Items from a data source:
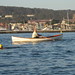 Dan Mclaughlin Photo 28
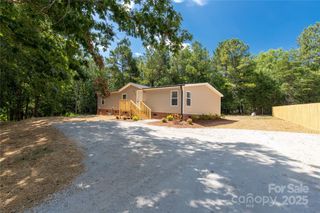 2009 Sugar Hill Road, York, SC 29745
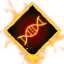Secondary Mutations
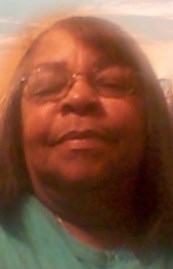 Obituary of Sandra Ann McCoy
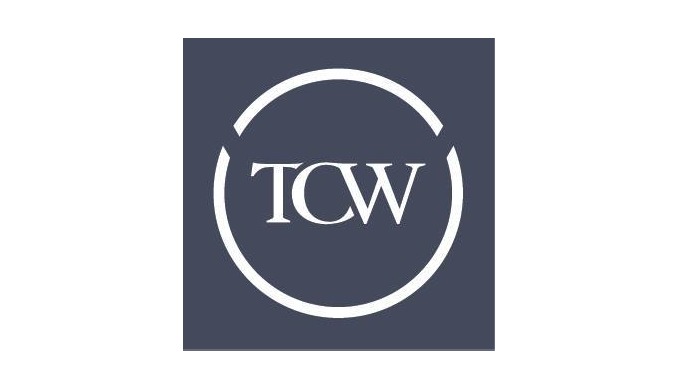 Our logo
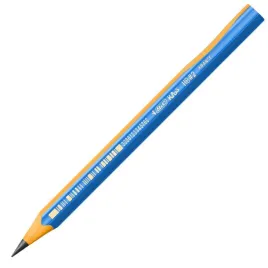 olowek-kids-beginners-boy-a-12-2798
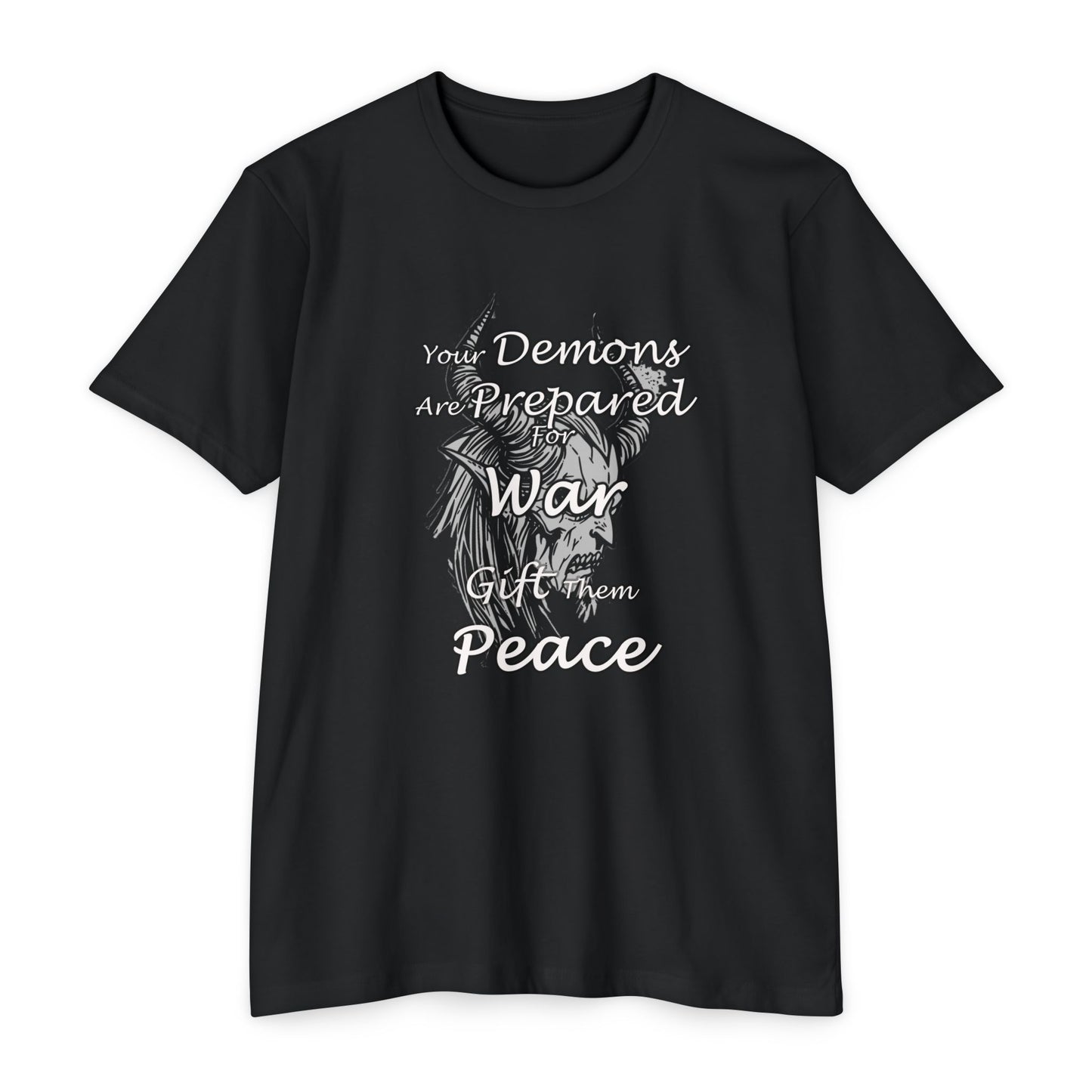 War and Peace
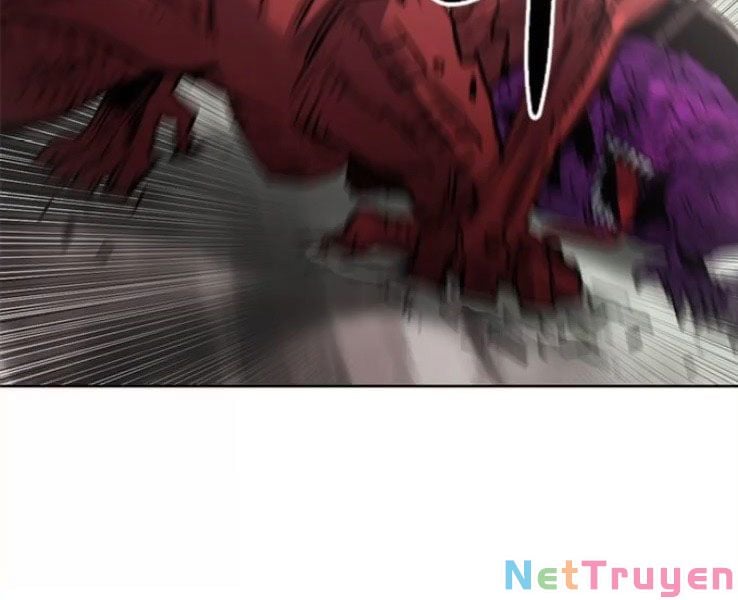 Druid Tại Ga Seoul Chap 39 - Next Chap 40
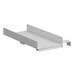 CPU-holder for Concept manual or crank table (foot), grey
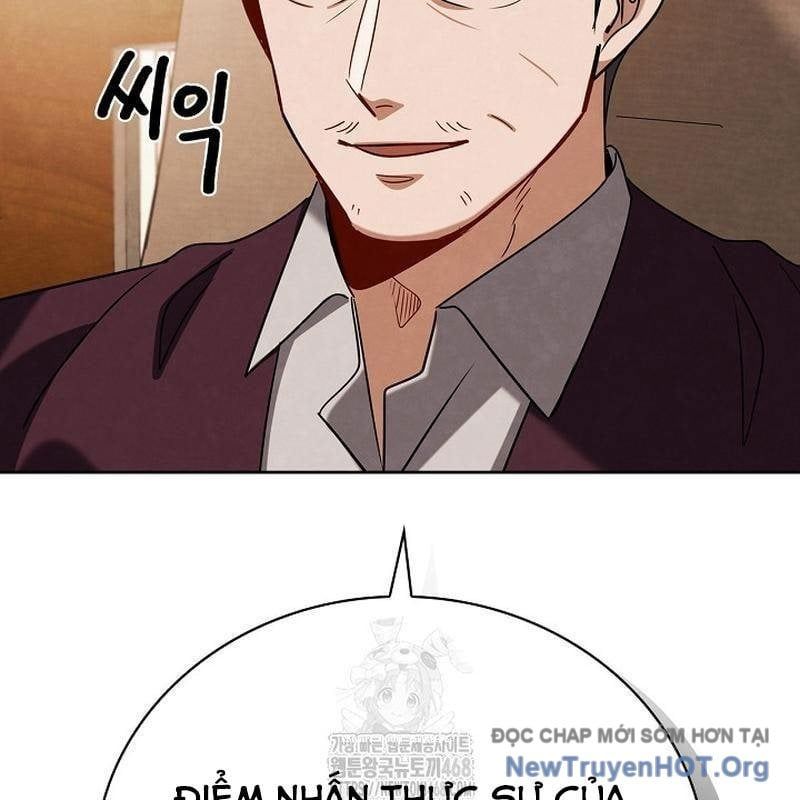 Sống Như Một Diễn Viên Chapter 139 - 34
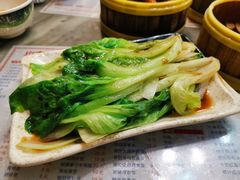 -岐城面馆(黄岐店)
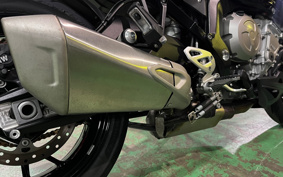 BMW S1000XR 2020 0D03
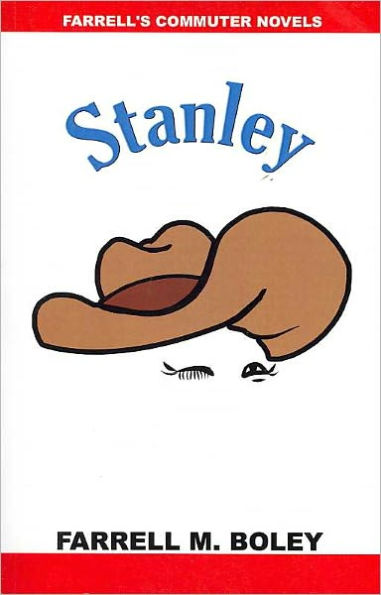 Stanley/Toby
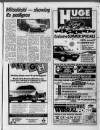 Birkenhead News Wednesday 18 July 1990 Page 62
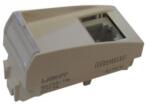 Legrand Priza RJ11 1 modul Living Light Bticino N4258/11N (N4258/11N)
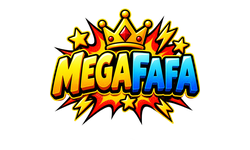 situs slot luar negeri gampang maxwin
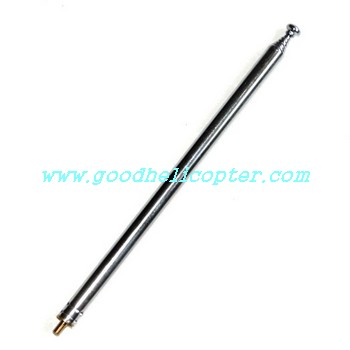 fxd-a68690 helicopter parts antenna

▸ **WHAT THE TASK REQUIRES**
Set down exactly the lines between the line containing "olowek-kids-beginners-boy-a-12-2798" and the end of the records above, both ends included; pictures stay out.

▸ **OUTPUT**
 olowek-kids-beginners-boy-a-12-2798
 War and Peace
 Druid Tại Ga Seoul Chap 39 - Next Chap 40
 CPU-holder for Concept manual or crank table (foot), grey
 Sống Như Một Diễn Viên Chapter 139 - 34
 -岐城面馆(黄岐店)
 BMW S1000XR 2020 0D03
 Stanley/Toby
 Birkenhead News Wednesday 18 July 1990 Page 62
 Legrand Priza RJ11 1 modul Living Light Bticino N4258/11N (N4258/11N)
 situs slot luar negeri gampang maxwin
 fxd-a68690 helicopter parts antenna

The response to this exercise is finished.